The appellant filed a Writ Petition in the High Court which was rejected.
On appeal by Special Leave, ^
HELD: (1) The rules or guidelines could not be discarded in the name of section 47(1). The Rules made are really in implementation of section 47(1) but is not exhaustive of all the considerations that would prevail in a given situation. The jurisdiction is given to the Tribunal to take note of other considerations in public interest flowing out of section 47(1). The Rules, are, however, not to be discarded but they can be supplemented or outweighed.
In the name of public interest something opposed to the Rules cannot be done. The Appellate Tribunal has actually contravened rule 155(3) which accords 2 marks for applicants who have a certain experience in road transport service.

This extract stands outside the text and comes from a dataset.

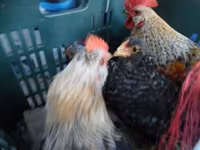 Japanisches Bantam — Foto 1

Road Transport Service is defined by section 68A(a) and it makes no distinction between the type of transport vehicles in which experience has been gained whether it be of passenger transport or a lorry transport. The distinction made between passenger transport and lorry service experience by the Tribunal is illegal. A relevant factor has thus been wrongly excluded. The order of the Appellate Tribunal is liable to be quashed on the well-worn ground that material consideration if ignored makes the order vulnerable. More over, there is an apparent mis-construction of the relevant rule. The respondent No. 1 stated that there were many other grounds which he could have urged before the Tribunal but which have not been adverted to by the Tribunal because he could have urged before the Tribunal but which have not been adverted to by the Tribunal because respondent No. 2 succeeded on one ground. It is, therefore, fair that the case should be remanded to the Appellate Tribunal for being heard de novo. [216-E-H, 217A-E] 215
CIVIL APPELLATE JURISDICTION: Civil Appeal No. 1266 of 1975.
Appeal by special leave from the Judgment and order dated 3rd March, 1971 of the Madras High Court in Writ Petition No. 583 of 1971.
K. S. Ramamurthi, A. T. M. Sampath and E. C. Agarwala, for the Appellant.
B. Sen and Vineet Kumar for Respondent No. 2.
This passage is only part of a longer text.